When I first met Charlie Mitchell, he seemed bigger than life. He was larger than life. He’d look people in the eye, size them up in a wink, extend his hand in friendship, find out how things were going. He drove a big truck with a shit-howdy smile and hat, and everyone in town knew who he was. Charlie, after suffering from a massive stroke several years ago, died at his home in Cayucos, Calif., March 17, 2016. He was born in San Luis Obispo in May 1931 and grew up in Gorda, Cambria, and Cayucos. Dell Franklin and I caught up with him in early 2006, and sat with him at his home to talk about his life. We ran his story as a Rogue of the Month feature in the February 2006 edition of The Rogue Voice. This is what he told us.

—Stacey Warde

A marvelously happy, unspoiled and uncomplicated man

Photo by Phil Klein

Photo by Phil Klein

by Dell Franklin

Charlie Mitchell, septuagenarian, in Western shirt, cowboy boots, and Levis®, has more ants in his pants than a row of teenagers in baggy pants and hooded sweatshirts lollygagging at the seawall in Cayucos. Old School? Not Charlie. Change is inevitable, he says, but he deals with it, like it or not, keeping his attitude, as always, positive, cheerful, exuberant, and youthful.

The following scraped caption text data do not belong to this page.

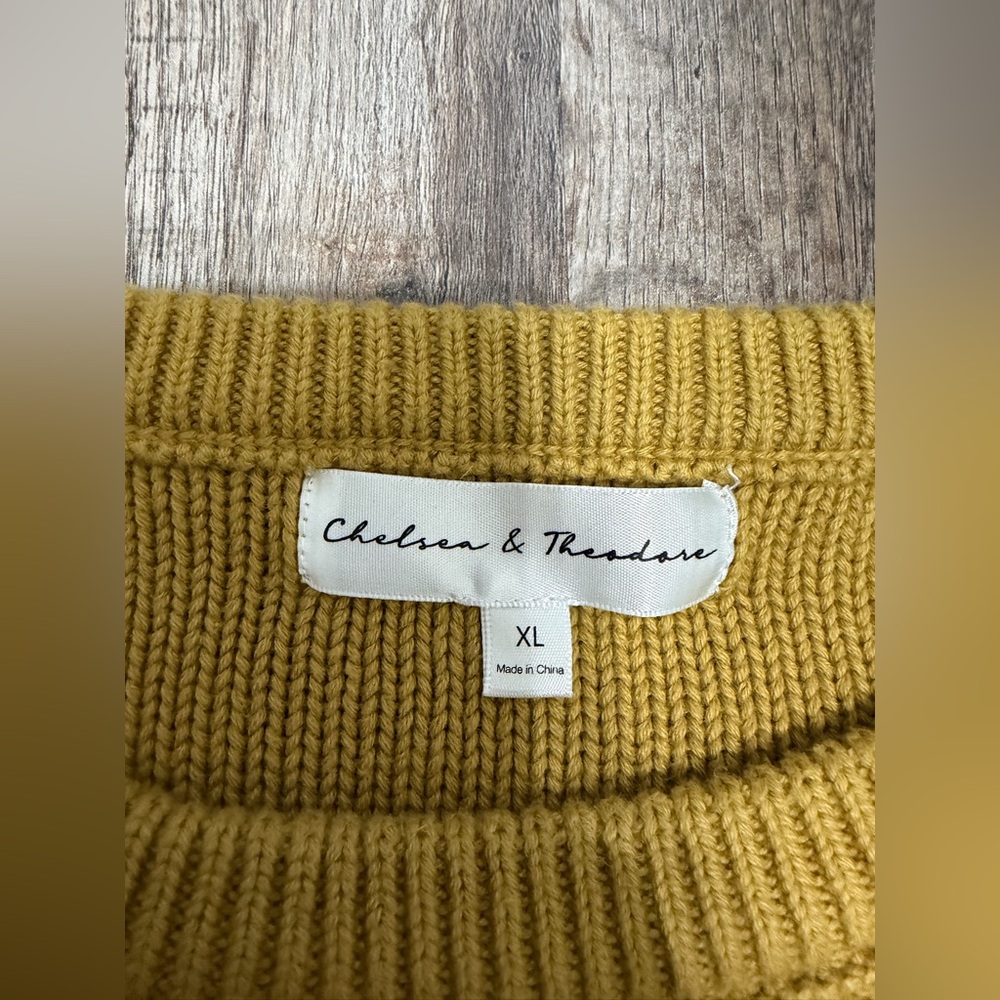 Knitted Sweater - Picture 2 of 3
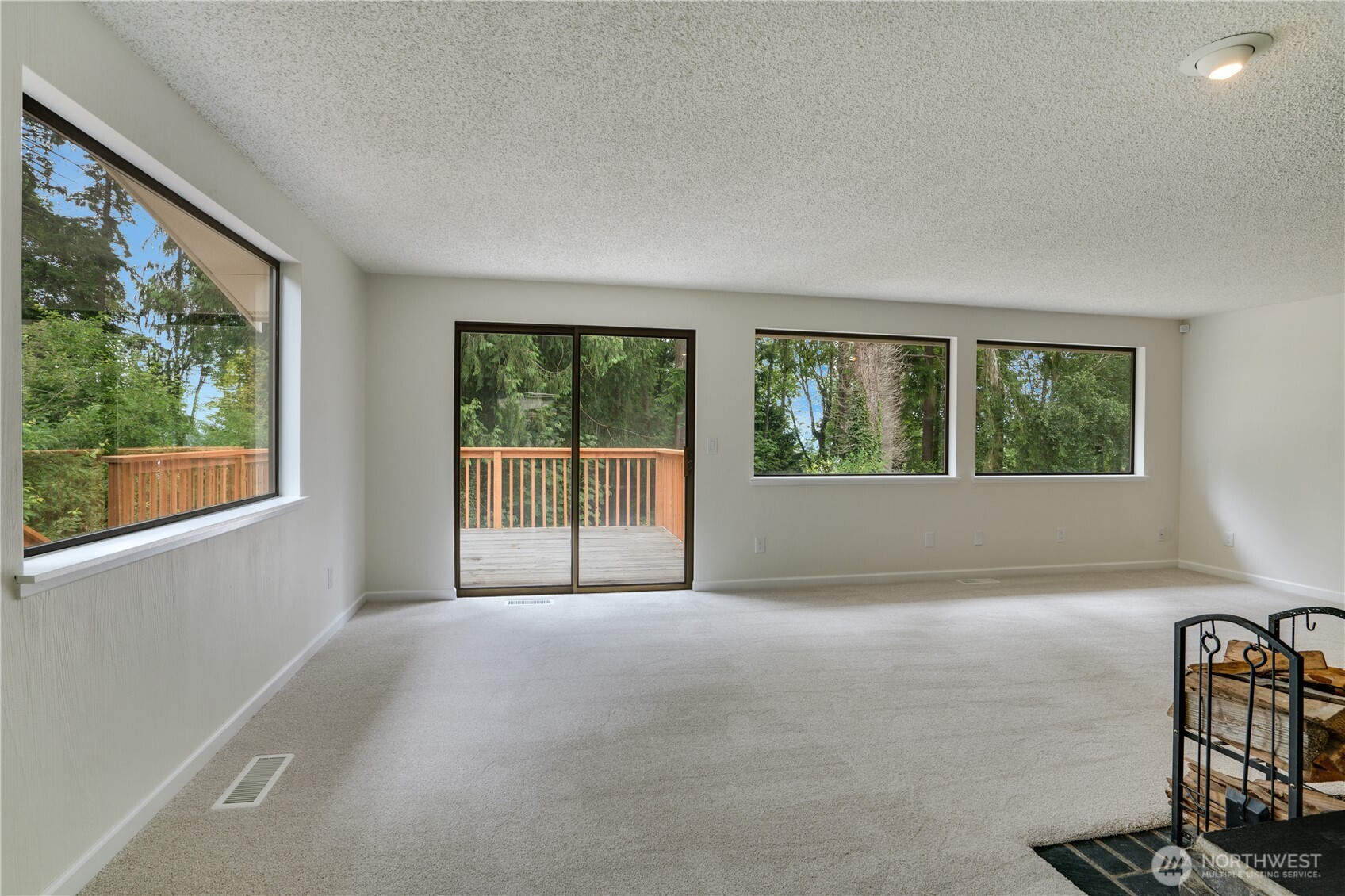 4270 Fir Drive Northeast Bremerton, WA 98310 - Photo 9 of 40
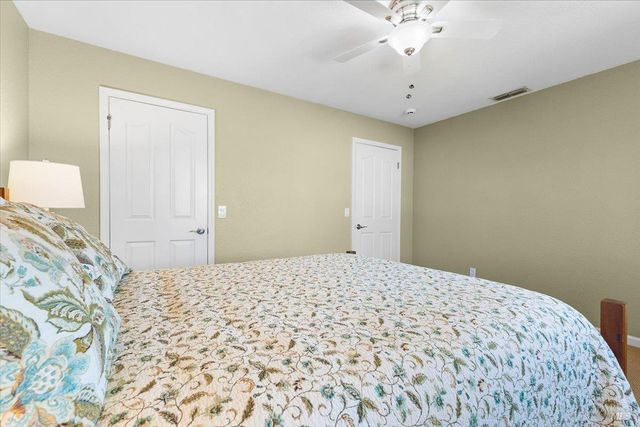 2573 Greenvale Ln, Santa Rosa, CA 95401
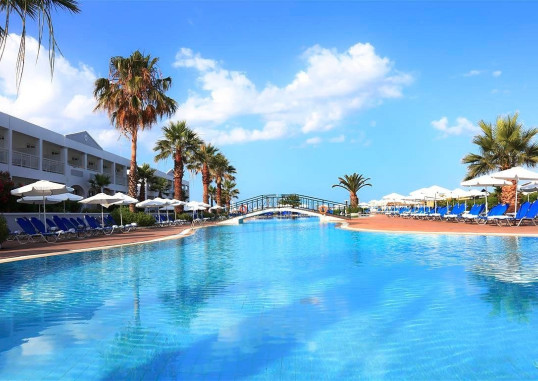 SANDY BEACH RESORT 10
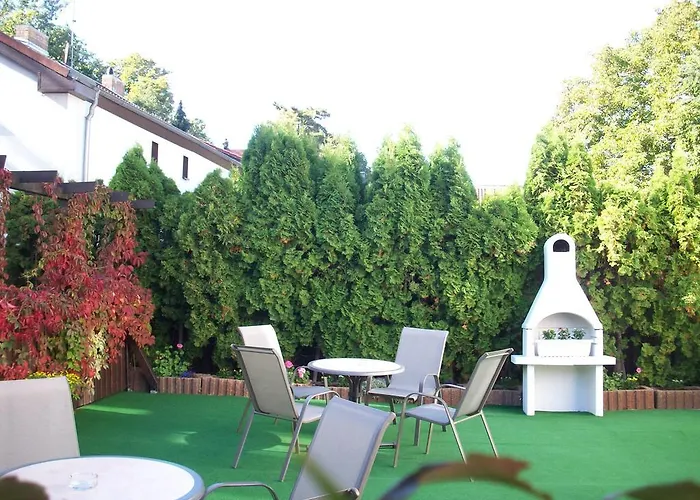 Konukevi Apartmentpension Am Krongut Potsdam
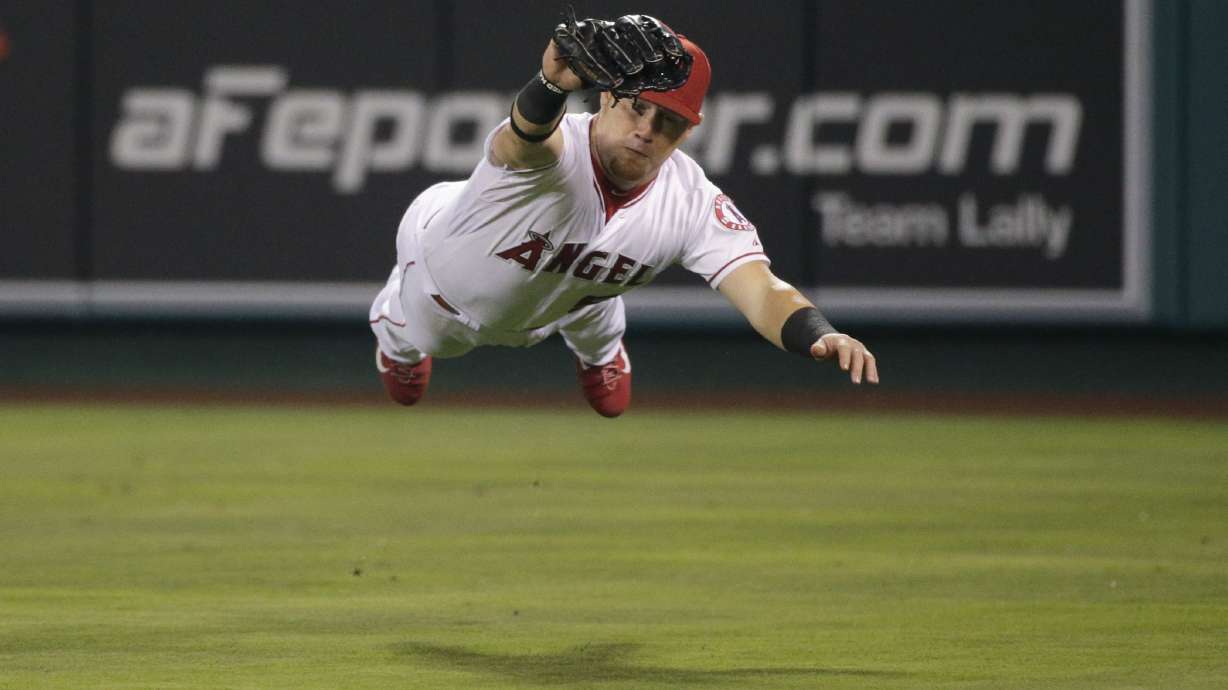 Angels can't catch Dan Haren, Dodgers in 2-1 loss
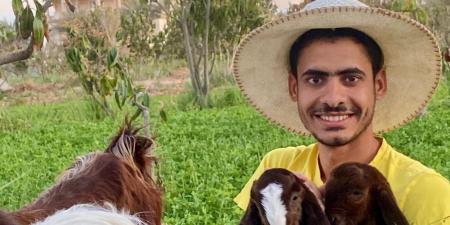 أحمد السمالوسي يتصدر التريند.. المزارع الرقمي الذي حوّل السوشيال ميديا إلى حقل للتعلم والإلهام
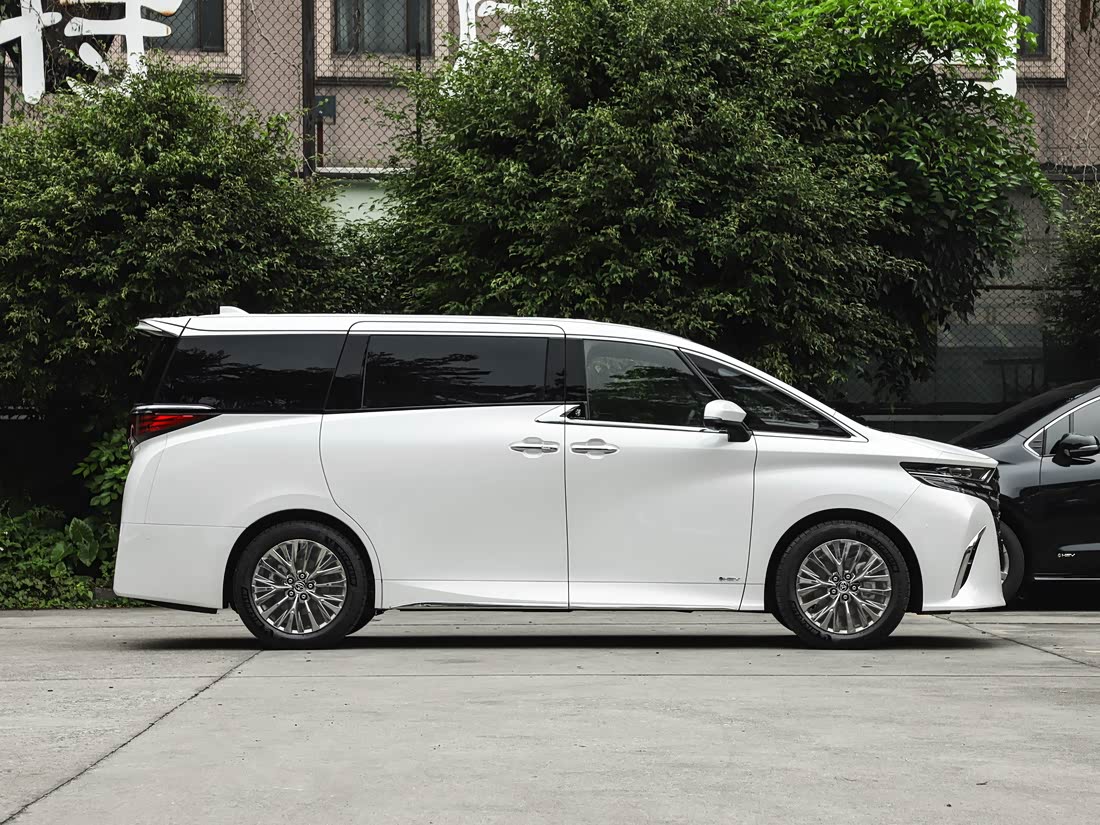 Toyota Alphard — фото 4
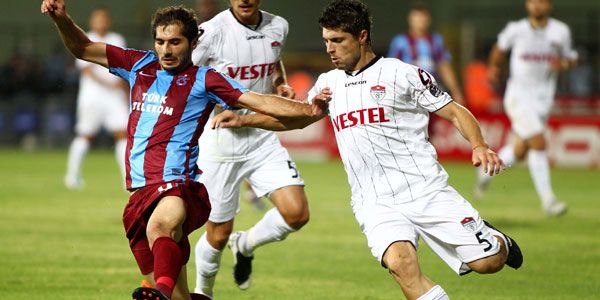 Trabzonspor, Manisa'da 2 puan bıraktı Trabzonspor, Manisa'da 2 puan bıraktı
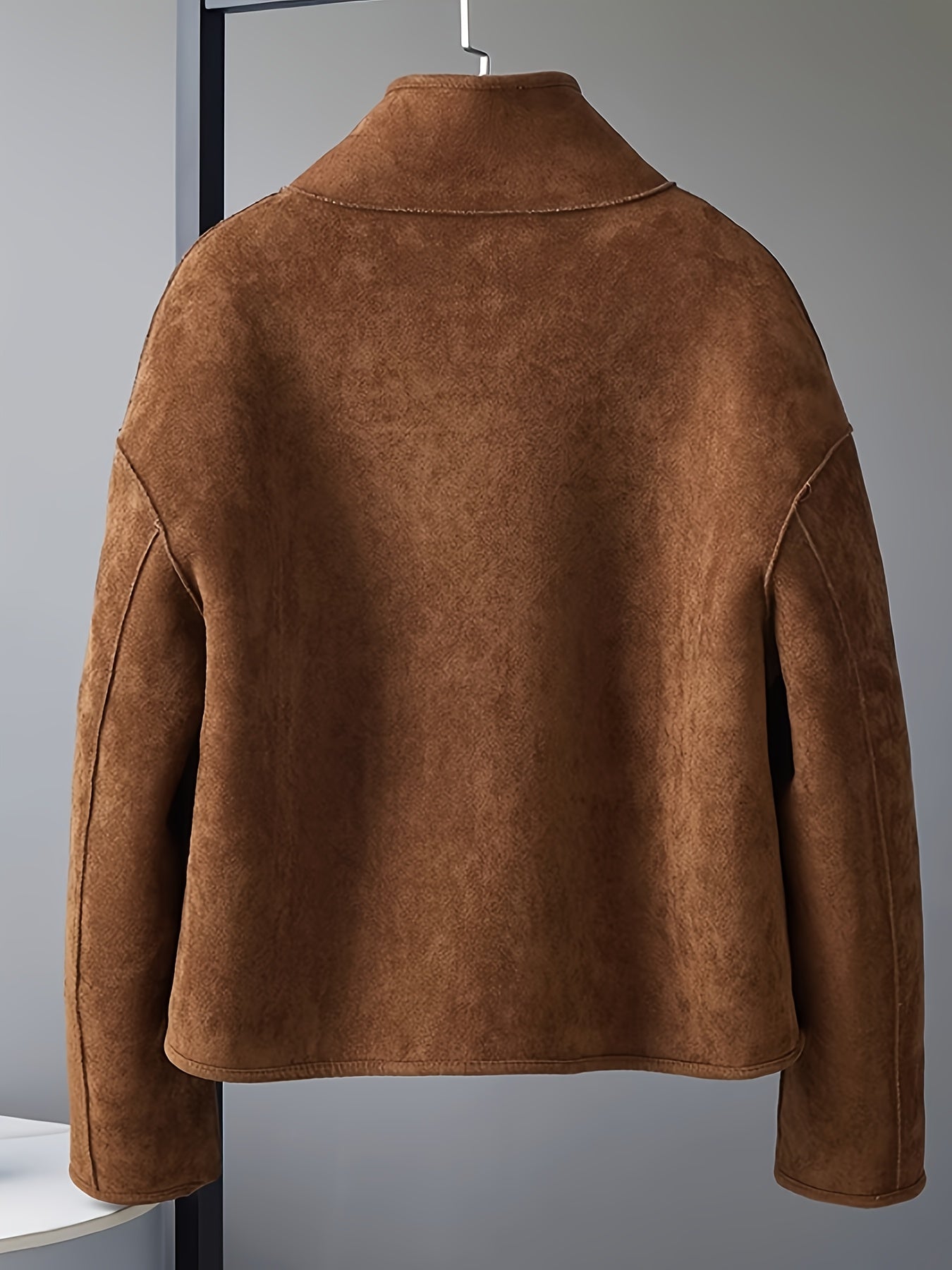 Kurtka damska z szerokim kołnierzem i zapinanym przodem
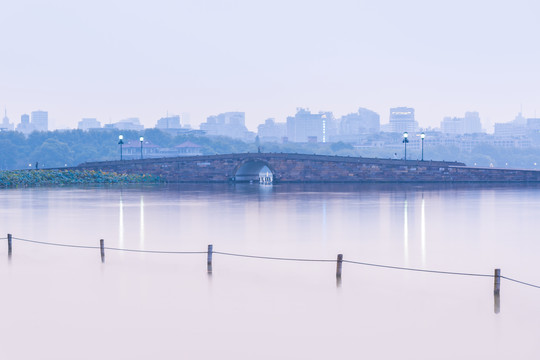 杭州西湖断桥清晨
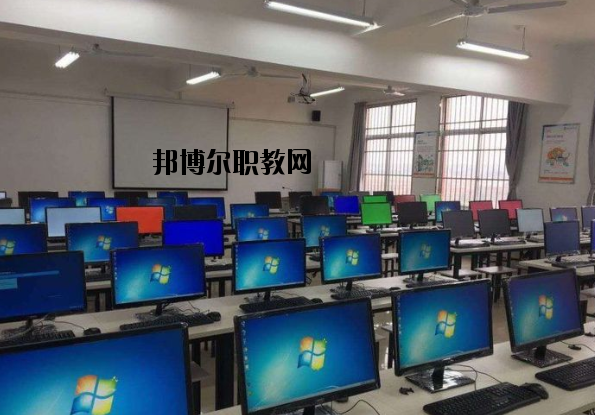 安義職業(yè)技術(shù)學(xué)校2020年報名條件、招生要求、招生對象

Charlie Mitchell is a rowdy, unapologetically profane, ass-kicking, barn-dancing, hay-bucking, pigskin-hauling kid in a 74-year-old body that has escaped eight close calls with death (he was nearly electrocuted), undergone a knee replacement, and owns a gizzard that finally, after sixty years of hell-fire social imbibing, has put a stop to his drinking.

“I started out when I was around twelve,” he says. “Haven’t had a drink in a month now. The old pancreas brought me to my knees, and the Doc said, no more. What the hell, if I can’t do it, I ain’t gonna miss it. No use letting it get me down. Nobody had more fun than I did. I can still go out to the bars and jaw with the boys and dance and flirt with the girls. Hell yes, I can!” he shouts, almost lunging at me, slamming me on the shoulder to make his point. “Hell yes!”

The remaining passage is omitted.